Entrando invece sul terreno delle analisi storiche, due saggi dell’editore Chiarelettere approfondiscono l’ascesa del fascismo prima, durante e appena dopo il 1922: da un lato Nero di Londra di Mario José Cereghino e Giovanni Fasanella dimostra come dalla disfatta di Caporetto alla trionfale marcia su Roma, l’intellighenzia militare inglese crea di fatto il Mussolini fascista. Dall’altro lato Benito Mussolini. Me ne frego a cura di David Bidussa presenta, chiosati,discorsi e articoli del futuro Duce tra il 1904 e il 1927 nel passaggio cruciale dal socialismo all’interventismo, dal nazionalismo al fascismo vero e proprio, esaminando un linguaggio verbale che purtroppo ancora oggi segna molti politici.
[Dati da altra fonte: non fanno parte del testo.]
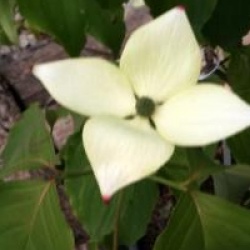 Cornouiller � fleurs Teutonia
A questo punto si può allargare il discorso coinvolgendo un libricino, Sul nazionalismo, del grande romanziere George Orwell (1984 e La fattoria degli animali), giacché, nel 1945, guerra finita, egli spiega la tendenza “a identificare se stessi in una singola nazione o in un’unità di altro tipo, collocandola aldilà del bene e del male e non riconoscendo altro dovere che la promozione dei suoi interessi”.

Il nazionalismo estremista di un Adolf Hitler ha riflessi parossistici se si pensoa a un libro come La propaganda nell’abisso (Lindau) di Giovanni Mari, il quale studia gli otto numeri del giornale «Der Panzerbär» gestito da Joseph Goebbels nel bunker nazista dal 22 al 29 aprile 1945, con i russi alla periferia di Berlino! conquistata il 9 maggio seguente.

Per concludere anche la lettura di un testo apparentemente innocuo quale Ricette di guerra (Fefè Editore) di Amalia De Sanctis, che raccoglie gli appunti della nonna a guisa di ipotetico manuale di cucina in tempo di guerra, di restrizioni e di autarchia, lascia intuire le difficoltà a procurarsi i generi alimentari di prima necessità da parte delle persone coinvolte loro malgrado in un conflitto sanguinoso. Anche solo con la lettura di uno di questi sei titoli è possibile riflettere su quel bene prezioso chiamato democrazia, che nessun fascismo, a cent’anni dalla Marcia su Roma, potrà mai garantire o preservare.